Il paese che sembra essere riuscito più di tutti a invertire la spirale negativa innescata dalla crisi è senz’altro il Regno Unito. Il mercato inglese si era bruscamente contratto negli anni scorsi, anche se non quanto quello irlandese. Nell’ultimo anno, il settore edilizio è invece tornato a crescere (+4,8%), trainando il PIL: merito non solo dei bassi tassi d’interesse garantiti dalla Banca d’Inghilterra – anche la BCE li tiene al minimo, ma senza riuscire a incidere davvero sui mercati molto diversificati dell’eurozona – ma anche di grandi programmi infrastrutturali, dell’incentivo Help to Buy che copre parte del credito ipotecario dei nuovi acquirenti di fascia bassa, e della deregulation che facilita l’edilizia privata prima bloccata dalla pianificazione locale.

Ci sono però dei dubbi sull’efficacia di lungo periodo di tali provvedimenti: secondo le stime, le famiglie inglesi sono titolari oggi del 20% di tutto il debito privato europeo nel settore immobiliare – fatto che induce vari analisti a prevedere una nuova bolla.

Dove l’intervento pubblico fatica a risultare efficace è la Francia: il piano presentato in settembre dalla ministra Cécile Duflot prevede tra l’altro un tetto alla crescita degli affitti, che nelle città non potranno andare oltre il 20% di una cifra mediana fissata dai prefetti quartiere per quartiere. Il problema è che gli affitti, in Francia, sono già altissimi: sono raddoppiati dal 2000 ad oggi, così come i prezzi; parallelamente le domande per le case popolari hanno superato quota 500.000, ed ogni anno se ne può soddisfare solo una su dieci. La crisi non ha invertito la tendenza, o meglio il mercato si è spezzato in due parti distinte, anche geograficamente vicine: una depressa e una rampante – questione che il piano Duflot non affronta. Lo testimoniano i prezzi alle stelle del centro di Parigi, area che non conosce crisi, mentre la banlieue e i centri industriali dell’Ile de France scontano cantieri fermi e crolli dei valori. Accedere a un appartamento nuovo, data anche la scarsa offerta, è così complesso che nelle liste d’attesa per gli alloggi popolari abbondano anche gli impiegati pubblici di alta fascia.
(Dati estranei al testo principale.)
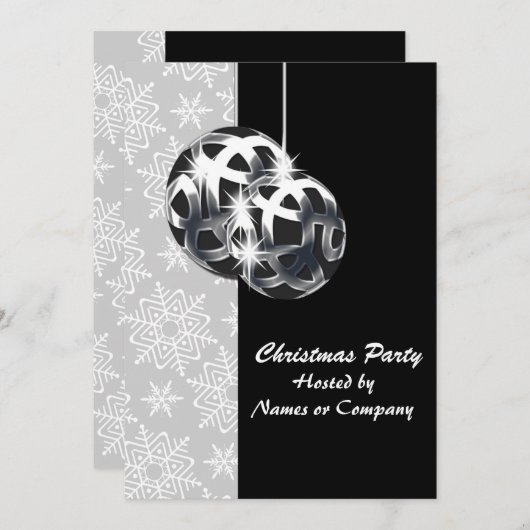白黒銀クリスマスのテーマパーティー 招待状 (正面/裏面)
Un assaggio di “normalità” lo si può avere solo in Germania. Il mercato tedesco, crisi o non crisi, viene da un periodo di stabilità di prezzi ventennali – con alcune eccezioni, come la Baviera e Berlino. Solo nell’ultimo anno e mezzo si assiste ad un aumento dei prezzi più generalizzato: a renderlo possibile è la crescita dei salari, che facilita la concessione di mutui, e degli immigrati qualificati, che interessa specialmente le città.

Nel complesso, il settore immobiliare europeo, caratterizzato da fortissime specificità non solo nazionali ma anche locali, è percorso però da un fenomeno comune che obbedisce alla legge della domanda e dell’offerta in un mercato integrato: la forte svalutazione delle aree più colpite dalla recessione, e l’apprezzamento eccessivo di quelle protagoniste della ripresa. Si tratta di una tendenza che molti stati, da soli, non sono attualmente in grado di gestire.